The Pentecostal churches in my community were out of the question at the time, because they taught that the Father and the Son are the same person; they went further to say that on the day of His baptism, Jesus was in heaven speaking to himself on earth. The “tongues” issue was also one that closed my mind against these churches, as 1 Corinthians 14 reveals that when one speaks in an “unknown tongue” an interpreter must be provided. The Baptist church in my community soon had issues that caused my father to leave, and to me it was a signal from God that this church was not the place for me. When I went to the local United church and saw a female pastor as the head of the church, that was my signal that I couldn’t attend. I now recognized that I could only find God’s true church by earnest prayer and searching for truth.
At this time I was teaching, and in one of my classes in January of 2010 a student of an extra class asked about the Sunday law that was recently passed in Germany. When I learned the law provided for Sunday to be a day of “rest and religious contemplation” a thought was impressed on my mind “think to change times and laws” (Daniel 7:25). The fact that the Sunday law passed in Germany so closely mimicked the Sabbath commandment was to me a signal of the binding claims of the Sabbath on mankind. Thus a Sabbath commitment seed was sown in my heart.
In March of 2010 a pastor who was married to my cousin was assigned a district in the neighboring parish. In June of the same year his wife, my cousin, was doing calculus and requested me to stop by to assist her with it. At the same time an evangelistic series was being held at one of the district churches. I was asked to attend a couple nights, but I declined, claiming that I had to prepare to assist my cousin. The real reason was fear for what God could do if I attended.

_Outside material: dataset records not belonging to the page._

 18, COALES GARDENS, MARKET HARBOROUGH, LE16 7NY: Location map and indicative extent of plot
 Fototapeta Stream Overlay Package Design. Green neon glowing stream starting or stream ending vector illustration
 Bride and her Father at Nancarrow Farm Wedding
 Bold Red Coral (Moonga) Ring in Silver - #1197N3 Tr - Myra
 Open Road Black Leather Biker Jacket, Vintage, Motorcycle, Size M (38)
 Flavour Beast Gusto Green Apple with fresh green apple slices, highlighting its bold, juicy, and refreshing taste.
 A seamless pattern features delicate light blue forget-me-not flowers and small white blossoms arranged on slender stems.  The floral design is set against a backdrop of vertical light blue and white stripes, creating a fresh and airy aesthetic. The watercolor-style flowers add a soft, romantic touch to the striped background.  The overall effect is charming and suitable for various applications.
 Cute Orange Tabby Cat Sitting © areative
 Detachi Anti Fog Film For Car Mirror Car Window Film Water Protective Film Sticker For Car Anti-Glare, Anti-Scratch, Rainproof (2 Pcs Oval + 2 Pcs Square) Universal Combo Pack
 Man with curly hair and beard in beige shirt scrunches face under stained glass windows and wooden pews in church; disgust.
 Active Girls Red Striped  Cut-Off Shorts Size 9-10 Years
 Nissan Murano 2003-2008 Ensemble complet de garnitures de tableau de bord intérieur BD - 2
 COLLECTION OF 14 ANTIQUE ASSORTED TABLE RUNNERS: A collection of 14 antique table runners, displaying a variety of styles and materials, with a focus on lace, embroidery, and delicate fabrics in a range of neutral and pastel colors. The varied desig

I was impressed with the regular morning and evening devotions that occurred during my time at their home. (In fact, from the time I had come to know this couple in 2006, I had been impressed by their morning and evening worship sessions and they had proved a source of encouragement for at the time I was leaving college.) After much persistence I finally accepted the invitation to attend the series. The sermon that particular night was on the History of the Church as revealed in the seals of Revelation 6.
The preacher revealed that the purity of the early church, represented by the white horse (Revelation 6:2), gradually degraded to the doctrines of death, represented by the pale horse (Revelation 6:8). He then revealed that each Protestant denomination had a particular truth that they recovered, but that they made the error of advancing no further than their founders. The preacher then revealed that the Seventh-day Adventist Church had arisen by bringing all these truths together, and also to carry to completion the work of the reformation. His singular altar call came unforgettably to my ears “for those searching for the truth, this is it.” I responded to the call and a couple weeks later, on August 11, 2010, I was baptized at the Seventh-day Adventist church in Litchfield, Trelawny.
The scientific mind finds in prophecy solid, irrefutable proof of the divine authorship of the word, and through personal studies especially in Isaiah 40-48 I have found that God places prophecy at the forefront of the tests that reveal that He is the real Supreme Being. In my early Adventist experience it was those messages of prophecy, clearly marking out the rise of world powers and their fall, that captivated my reasoning powers. I soon recognized that the same God who was able to predict and control the affairs of nations was also able to transform my life to reflect His image.